This past week, I spent not one but two rather lengthy layovers in the Denver airport. Being the industrious person that I am, I decided to begin reading Hamlet (mostly in preparation for a college essay comparing the views of justice in Hamlet and the Oresteia, but it’s been on my list for awhile).

I try not to be snobbish about literature guides, but the more I read and learn about literature, the more I find myself disagreeing with them. My edition of Hamlet is a well-acclaimed one (I won’t name the publisher since I’m about to bash it), and yet I still found myself disagreeing with some the provided definitions for more obscure words.

To be fair, I’m no expert in Shakespearean English, and so it’s entirely possible I’m imposing modern understandings of certain words back onto the text in a way that’s incorrect or inappropriate. But even making that allowance, this edition veered sharply away from a metaphorical understanding of the text, instead defining words in a way that makes merely literal sense.

In a particularly glaring instance of this, Scene Four of Act One (in which Hamlet meets the ghost of his father) opens with Hamlet saying, “The air bites shrewdly; it is very cold.” His friend Horatio replies, “It is a nipping and an eager air.”

Shakespeare can be incredibly confusing in places.

This is not one of them.

And yet, my edition of Hamlet helpfully explains that shrewdly means “keenly, intensely,” and eager means “sharp.” (Just in case anyone was confused and thought this was a mild breeze. Perhaps the glossary should have clarified that “bites” and “nipping” are used to indicate the wind is blowing hard, and that Shakespeare doesn’t actually think the air has teeth even though the poor ignorant man was born before the Scientific Revolution—alas.)
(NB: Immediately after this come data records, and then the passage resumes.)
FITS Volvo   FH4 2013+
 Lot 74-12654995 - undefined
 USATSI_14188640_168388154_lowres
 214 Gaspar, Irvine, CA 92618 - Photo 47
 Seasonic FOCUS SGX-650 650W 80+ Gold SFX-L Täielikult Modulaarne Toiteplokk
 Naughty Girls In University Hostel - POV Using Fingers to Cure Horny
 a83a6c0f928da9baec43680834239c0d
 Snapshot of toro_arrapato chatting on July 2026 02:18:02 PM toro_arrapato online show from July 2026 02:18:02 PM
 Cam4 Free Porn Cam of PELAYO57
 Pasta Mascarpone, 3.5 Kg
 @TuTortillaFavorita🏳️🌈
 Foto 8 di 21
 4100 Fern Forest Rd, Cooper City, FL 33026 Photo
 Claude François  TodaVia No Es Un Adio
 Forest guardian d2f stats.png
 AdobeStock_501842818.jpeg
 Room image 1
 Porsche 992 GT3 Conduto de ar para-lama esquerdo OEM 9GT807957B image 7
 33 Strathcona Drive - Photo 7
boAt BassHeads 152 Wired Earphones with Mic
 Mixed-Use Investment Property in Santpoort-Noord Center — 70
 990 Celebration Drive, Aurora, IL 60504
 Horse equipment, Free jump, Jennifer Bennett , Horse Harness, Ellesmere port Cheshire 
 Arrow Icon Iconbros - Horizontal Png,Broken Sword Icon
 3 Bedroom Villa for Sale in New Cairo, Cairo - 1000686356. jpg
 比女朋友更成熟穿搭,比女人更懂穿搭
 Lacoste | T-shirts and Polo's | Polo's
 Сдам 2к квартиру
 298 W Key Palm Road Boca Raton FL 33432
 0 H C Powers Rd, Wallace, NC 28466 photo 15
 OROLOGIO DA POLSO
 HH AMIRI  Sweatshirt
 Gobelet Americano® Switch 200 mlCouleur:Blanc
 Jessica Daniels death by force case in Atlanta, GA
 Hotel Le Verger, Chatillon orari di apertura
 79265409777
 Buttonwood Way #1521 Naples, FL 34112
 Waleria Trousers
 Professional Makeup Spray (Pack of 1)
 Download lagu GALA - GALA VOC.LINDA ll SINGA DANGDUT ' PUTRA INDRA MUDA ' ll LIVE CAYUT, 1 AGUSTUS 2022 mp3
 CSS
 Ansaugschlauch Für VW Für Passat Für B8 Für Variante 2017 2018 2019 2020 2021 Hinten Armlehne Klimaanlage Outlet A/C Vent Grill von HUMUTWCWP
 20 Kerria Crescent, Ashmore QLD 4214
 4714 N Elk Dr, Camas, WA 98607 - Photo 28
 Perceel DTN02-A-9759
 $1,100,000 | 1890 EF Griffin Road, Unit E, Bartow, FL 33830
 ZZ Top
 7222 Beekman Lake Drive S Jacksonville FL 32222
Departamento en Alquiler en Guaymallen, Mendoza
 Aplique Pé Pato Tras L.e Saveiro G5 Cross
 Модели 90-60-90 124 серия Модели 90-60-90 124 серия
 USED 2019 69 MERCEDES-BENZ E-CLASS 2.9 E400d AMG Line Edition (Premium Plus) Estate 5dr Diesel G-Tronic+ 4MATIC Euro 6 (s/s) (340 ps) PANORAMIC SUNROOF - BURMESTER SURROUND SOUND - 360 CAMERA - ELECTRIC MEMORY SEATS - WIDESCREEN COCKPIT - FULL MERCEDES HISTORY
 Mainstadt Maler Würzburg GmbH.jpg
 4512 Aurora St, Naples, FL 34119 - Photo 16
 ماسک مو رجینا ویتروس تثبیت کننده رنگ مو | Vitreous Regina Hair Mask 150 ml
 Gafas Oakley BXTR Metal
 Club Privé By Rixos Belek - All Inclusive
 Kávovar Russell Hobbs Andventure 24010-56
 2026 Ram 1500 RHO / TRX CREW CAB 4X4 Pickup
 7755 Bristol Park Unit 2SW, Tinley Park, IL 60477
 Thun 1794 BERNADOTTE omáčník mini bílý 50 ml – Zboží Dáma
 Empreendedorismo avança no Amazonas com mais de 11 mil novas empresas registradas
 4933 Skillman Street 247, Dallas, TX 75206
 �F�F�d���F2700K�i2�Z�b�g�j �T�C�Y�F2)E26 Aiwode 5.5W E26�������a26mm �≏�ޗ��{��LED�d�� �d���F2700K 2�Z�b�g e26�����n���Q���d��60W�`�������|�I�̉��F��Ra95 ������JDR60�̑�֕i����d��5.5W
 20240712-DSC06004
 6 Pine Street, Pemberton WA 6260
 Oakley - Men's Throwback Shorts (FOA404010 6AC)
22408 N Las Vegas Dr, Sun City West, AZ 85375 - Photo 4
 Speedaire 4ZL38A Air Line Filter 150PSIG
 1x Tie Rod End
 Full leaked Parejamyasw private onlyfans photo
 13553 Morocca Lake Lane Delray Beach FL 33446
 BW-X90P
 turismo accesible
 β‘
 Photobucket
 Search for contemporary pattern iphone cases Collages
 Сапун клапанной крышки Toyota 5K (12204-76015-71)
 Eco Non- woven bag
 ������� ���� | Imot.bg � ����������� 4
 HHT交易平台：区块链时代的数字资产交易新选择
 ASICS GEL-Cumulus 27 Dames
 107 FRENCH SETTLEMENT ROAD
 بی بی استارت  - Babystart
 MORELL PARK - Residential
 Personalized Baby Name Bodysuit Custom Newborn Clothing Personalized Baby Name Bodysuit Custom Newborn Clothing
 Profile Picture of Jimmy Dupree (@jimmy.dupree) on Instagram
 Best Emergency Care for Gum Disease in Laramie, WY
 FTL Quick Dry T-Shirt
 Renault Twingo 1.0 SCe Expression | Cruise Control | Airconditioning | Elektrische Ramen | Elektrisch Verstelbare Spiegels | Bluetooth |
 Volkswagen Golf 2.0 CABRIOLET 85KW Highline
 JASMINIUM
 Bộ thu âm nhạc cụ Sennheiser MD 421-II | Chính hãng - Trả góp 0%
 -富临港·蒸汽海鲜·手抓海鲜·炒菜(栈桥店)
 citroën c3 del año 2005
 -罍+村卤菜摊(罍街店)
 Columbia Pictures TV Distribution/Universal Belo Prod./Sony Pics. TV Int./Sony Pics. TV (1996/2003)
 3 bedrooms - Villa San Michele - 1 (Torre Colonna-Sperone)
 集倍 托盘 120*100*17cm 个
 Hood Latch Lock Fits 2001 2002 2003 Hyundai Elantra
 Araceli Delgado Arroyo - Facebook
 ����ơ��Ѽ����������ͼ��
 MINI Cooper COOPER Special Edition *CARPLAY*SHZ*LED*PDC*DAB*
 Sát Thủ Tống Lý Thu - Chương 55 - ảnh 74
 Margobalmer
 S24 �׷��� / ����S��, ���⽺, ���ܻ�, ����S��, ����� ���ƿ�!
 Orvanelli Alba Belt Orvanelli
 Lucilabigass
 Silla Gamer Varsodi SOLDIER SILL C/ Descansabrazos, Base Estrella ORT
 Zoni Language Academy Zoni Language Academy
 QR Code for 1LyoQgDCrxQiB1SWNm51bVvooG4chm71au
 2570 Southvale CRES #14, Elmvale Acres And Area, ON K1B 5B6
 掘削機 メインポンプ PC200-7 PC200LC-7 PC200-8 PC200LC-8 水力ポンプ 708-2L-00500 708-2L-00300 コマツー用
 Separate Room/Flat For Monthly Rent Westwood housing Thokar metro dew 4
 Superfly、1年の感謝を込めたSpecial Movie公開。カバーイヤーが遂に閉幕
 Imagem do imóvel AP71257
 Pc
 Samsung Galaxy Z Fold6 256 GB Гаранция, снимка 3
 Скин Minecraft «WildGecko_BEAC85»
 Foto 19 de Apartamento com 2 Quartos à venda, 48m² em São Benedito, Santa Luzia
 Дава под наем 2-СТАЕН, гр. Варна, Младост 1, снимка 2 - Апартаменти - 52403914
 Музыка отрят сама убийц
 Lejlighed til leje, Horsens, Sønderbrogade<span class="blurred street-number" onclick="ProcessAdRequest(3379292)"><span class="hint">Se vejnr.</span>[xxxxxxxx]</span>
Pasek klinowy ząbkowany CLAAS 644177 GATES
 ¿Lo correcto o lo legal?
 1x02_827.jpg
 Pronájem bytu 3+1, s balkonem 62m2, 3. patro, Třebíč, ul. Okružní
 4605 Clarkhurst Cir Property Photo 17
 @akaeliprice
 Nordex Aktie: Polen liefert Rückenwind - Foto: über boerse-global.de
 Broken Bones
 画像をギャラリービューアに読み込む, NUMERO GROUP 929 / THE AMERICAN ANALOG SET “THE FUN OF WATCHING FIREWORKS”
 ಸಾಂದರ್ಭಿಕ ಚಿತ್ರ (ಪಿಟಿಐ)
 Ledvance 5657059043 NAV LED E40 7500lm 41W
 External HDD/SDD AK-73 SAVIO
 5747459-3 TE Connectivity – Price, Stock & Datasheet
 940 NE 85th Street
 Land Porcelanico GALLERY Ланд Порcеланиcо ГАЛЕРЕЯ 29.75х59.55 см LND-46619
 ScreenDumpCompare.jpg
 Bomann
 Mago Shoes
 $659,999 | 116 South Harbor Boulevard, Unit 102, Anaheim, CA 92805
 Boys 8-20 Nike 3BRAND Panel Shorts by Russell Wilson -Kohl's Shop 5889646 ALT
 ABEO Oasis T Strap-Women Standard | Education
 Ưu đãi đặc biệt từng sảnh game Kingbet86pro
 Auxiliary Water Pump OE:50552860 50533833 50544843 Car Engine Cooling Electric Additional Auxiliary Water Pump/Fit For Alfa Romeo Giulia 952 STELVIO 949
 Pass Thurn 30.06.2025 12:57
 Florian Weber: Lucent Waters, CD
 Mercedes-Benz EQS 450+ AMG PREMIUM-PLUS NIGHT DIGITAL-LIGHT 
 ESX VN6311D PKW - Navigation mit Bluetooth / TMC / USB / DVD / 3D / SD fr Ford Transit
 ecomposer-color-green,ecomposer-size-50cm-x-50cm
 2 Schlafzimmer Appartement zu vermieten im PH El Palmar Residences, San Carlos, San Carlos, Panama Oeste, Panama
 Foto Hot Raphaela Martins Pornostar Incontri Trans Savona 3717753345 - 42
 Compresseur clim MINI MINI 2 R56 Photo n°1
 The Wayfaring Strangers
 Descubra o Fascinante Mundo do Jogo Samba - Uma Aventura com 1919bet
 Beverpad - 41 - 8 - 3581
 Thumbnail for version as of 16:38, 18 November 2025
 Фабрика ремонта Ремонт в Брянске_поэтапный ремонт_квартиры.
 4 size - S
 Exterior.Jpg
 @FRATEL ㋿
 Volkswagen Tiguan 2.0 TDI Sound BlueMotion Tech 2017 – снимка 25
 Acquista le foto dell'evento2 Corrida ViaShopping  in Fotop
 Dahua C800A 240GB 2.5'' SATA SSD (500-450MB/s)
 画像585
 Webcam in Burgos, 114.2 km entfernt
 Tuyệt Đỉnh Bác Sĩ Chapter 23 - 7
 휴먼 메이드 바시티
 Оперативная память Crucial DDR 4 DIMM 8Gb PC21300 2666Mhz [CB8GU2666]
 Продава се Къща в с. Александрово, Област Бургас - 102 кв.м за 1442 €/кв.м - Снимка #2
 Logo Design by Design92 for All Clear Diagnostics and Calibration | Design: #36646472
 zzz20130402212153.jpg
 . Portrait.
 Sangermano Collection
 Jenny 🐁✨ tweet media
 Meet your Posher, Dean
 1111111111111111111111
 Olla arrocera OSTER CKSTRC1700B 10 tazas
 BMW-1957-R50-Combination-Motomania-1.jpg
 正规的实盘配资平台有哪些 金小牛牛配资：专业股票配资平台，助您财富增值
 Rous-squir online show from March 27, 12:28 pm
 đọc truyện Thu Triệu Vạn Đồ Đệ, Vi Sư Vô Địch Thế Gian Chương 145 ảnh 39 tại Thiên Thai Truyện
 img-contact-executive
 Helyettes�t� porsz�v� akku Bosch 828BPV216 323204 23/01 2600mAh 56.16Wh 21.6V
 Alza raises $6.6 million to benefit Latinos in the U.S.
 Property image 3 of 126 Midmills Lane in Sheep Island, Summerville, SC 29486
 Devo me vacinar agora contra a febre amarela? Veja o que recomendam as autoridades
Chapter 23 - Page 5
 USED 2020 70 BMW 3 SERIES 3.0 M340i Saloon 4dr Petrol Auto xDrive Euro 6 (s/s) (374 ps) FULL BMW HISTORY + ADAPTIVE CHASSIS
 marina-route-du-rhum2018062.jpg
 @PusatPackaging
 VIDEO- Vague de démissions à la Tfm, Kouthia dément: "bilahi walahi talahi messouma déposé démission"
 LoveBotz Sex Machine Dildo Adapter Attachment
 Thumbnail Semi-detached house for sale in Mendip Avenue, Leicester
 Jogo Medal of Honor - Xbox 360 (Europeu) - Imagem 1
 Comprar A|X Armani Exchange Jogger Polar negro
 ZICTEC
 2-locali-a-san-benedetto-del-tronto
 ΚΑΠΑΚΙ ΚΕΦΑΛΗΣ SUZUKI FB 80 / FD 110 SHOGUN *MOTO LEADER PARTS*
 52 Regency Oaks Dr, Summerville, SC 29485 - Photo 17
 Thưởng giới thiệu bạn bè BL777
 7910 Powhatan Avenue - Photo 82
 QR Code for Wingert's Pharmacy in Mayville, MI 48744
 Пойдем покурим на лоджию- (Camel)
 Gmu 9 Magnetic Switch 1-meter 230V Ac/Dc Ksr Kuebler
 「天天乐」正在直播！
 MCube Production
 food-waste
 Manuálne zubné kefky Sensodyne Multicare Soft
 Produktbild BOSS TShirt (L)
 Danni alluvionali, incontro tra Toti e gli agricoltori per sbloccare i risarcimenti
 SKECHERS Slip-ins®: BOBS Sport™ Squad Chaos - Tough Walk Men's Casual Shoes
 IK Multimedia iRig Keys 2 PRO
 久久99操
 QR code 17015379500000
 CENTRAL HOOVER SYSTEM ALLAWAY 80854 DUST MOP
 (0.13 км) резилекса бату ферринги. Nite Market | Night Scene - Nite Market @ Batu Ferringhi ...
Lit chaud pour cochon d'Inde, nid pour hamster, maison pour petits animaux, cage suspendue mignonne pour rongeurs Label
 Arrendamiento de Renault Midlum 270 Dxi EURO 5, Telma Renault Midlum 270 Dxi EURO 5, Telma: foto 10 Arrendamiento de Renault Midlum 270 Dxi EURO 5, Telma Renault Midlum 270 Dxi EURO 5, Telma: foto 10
Again, I’m not a scholar of Elizabethan literature. But I read enough—and, perhaps more importantly, I love words enough—to be dissatisfied with these editorial notes.
Maybe that is what shrewdly and eager meant at the time of Shakespeare—plenty of other words have shifted in meaning in the last five hundred years. But I still take issue with the fact that the editors thought it was necessary to clarify that.

After all, if a wind can bite, why can it not be shrewd? If it nips, why can it not nip eagerly? The literal meaning of this text is perfectly clear to the intelligent reader (and I don’t mean myself—the average fifth grader would understand from those two lines that it’s cold and windy outside). Replacing Shakespeare’s delicate use of metaphor with words that have the same literal equivalent does not clarify the text—instead, it strips away the beauty that has earned Shakespeare the title of the greatest English poet of all time.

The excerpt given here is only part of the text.